Posted by mark October 8, 2010 in the Group General Discussion.

I now have some statistics to illustrate some facts about writen Chinese.  For the past year, or so, I have been working on a Web site that contains structural data about characters (see if you are curious).  Anyway, I generated some statistics about character structure based on the characters in the old HSK vocabulary list (a larger set than for the new HSK, and a well defined sub-universe of Chinese characters). 

The first column in the table below is the number of times a character can be broken down into simpler component characters or radicals.  For example, 好 -> 女 + 子.  子 could be broken down into 了 and 一, giving 好 a count of 2. The 11 characters that can't be broken down are characters like 一 and 乙, which are already pretty simple.
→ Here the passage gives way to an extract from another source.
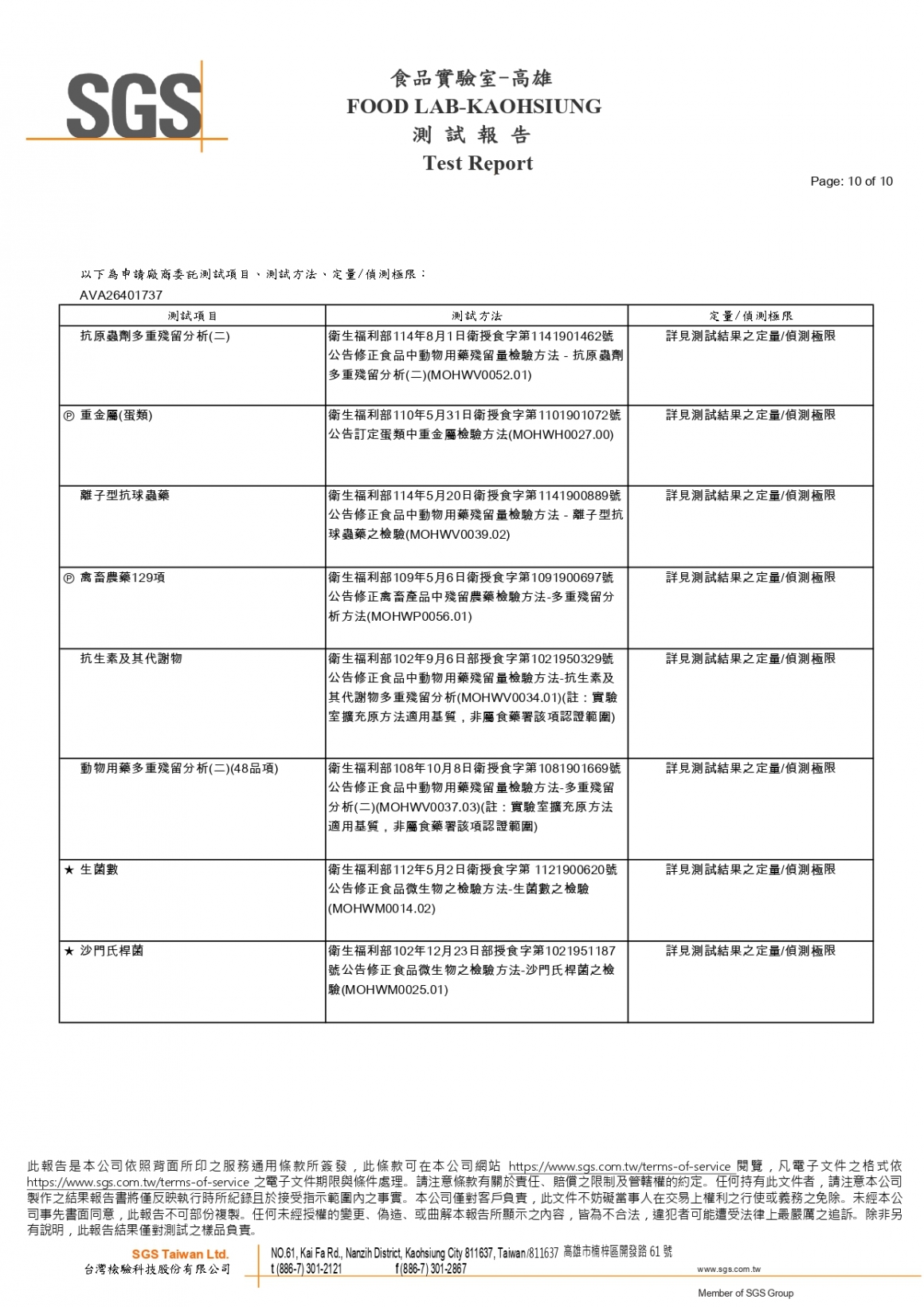 20260408-瑞冠畜牧場-(白蛋)-(生菌數+沙門+抗生素+48項+離子型+抗原蟲+重金屬鉛銅+129項)-SGS_page-0010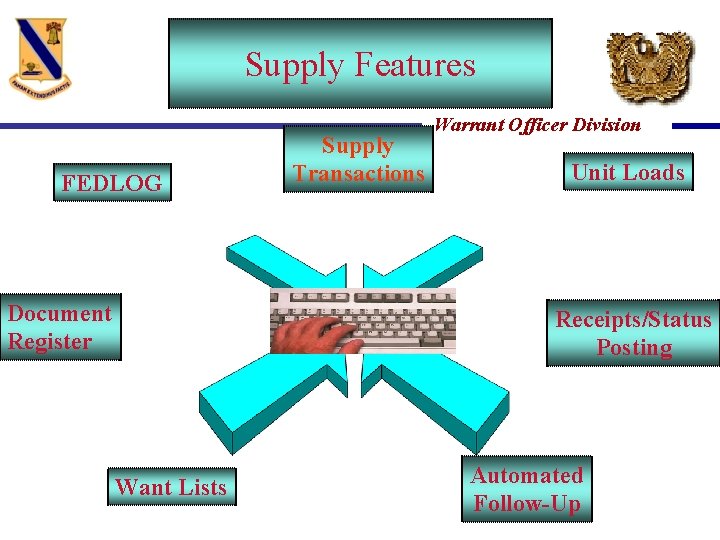 Supply Features FEDLOG Document Register Supply Transactions Warrant Officer Division Unit Loads Receipts/Status Posting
The second column is the number of times that a character participates in the formation of a more complex character.  In my example above, 女 and 子 would each get a count for their participation in 好.  Interestingly, while some characters are active joiners, about 80% are stay-at-homes that don't participate in character formation at all, at least, not until someone needs to invent a new character, or at least, not in the sub-universe of characters I chose to work with.

0:               11    2219
1:             533      218
2:             845        94
3:             951        69

4:             432        60

5:              66        38
6:                4        23
7:                0        15
8:                0        13
9:                0        15
10 or more:   0        78

While these statistics are only for a limitted subset of all Chinese characters, I am confident you would see a similar pattern with any other reasonable sized set of Chinese characters.  Also, another person might decompose characters differently than I have.  However, it is only the last level of decomposition into "simplest" elements that is more of an art than a science.  Most decompositions are from one commonly used character into a couple other commonly used characters, like my example with 好.  There seem to be two forces operating.  One is combining a relatively small number of fixed elements to make a large number of characters.  The other is a limit on the acceptable complexity of a character.  The typical character has gone through 2 or three levels of compounding, and is a leaf node in the formation process.

Well, I don't actually know how characters were formed.  It is just my hypothesis from analyzing their appearance.  Perhaps, it is a useful observation.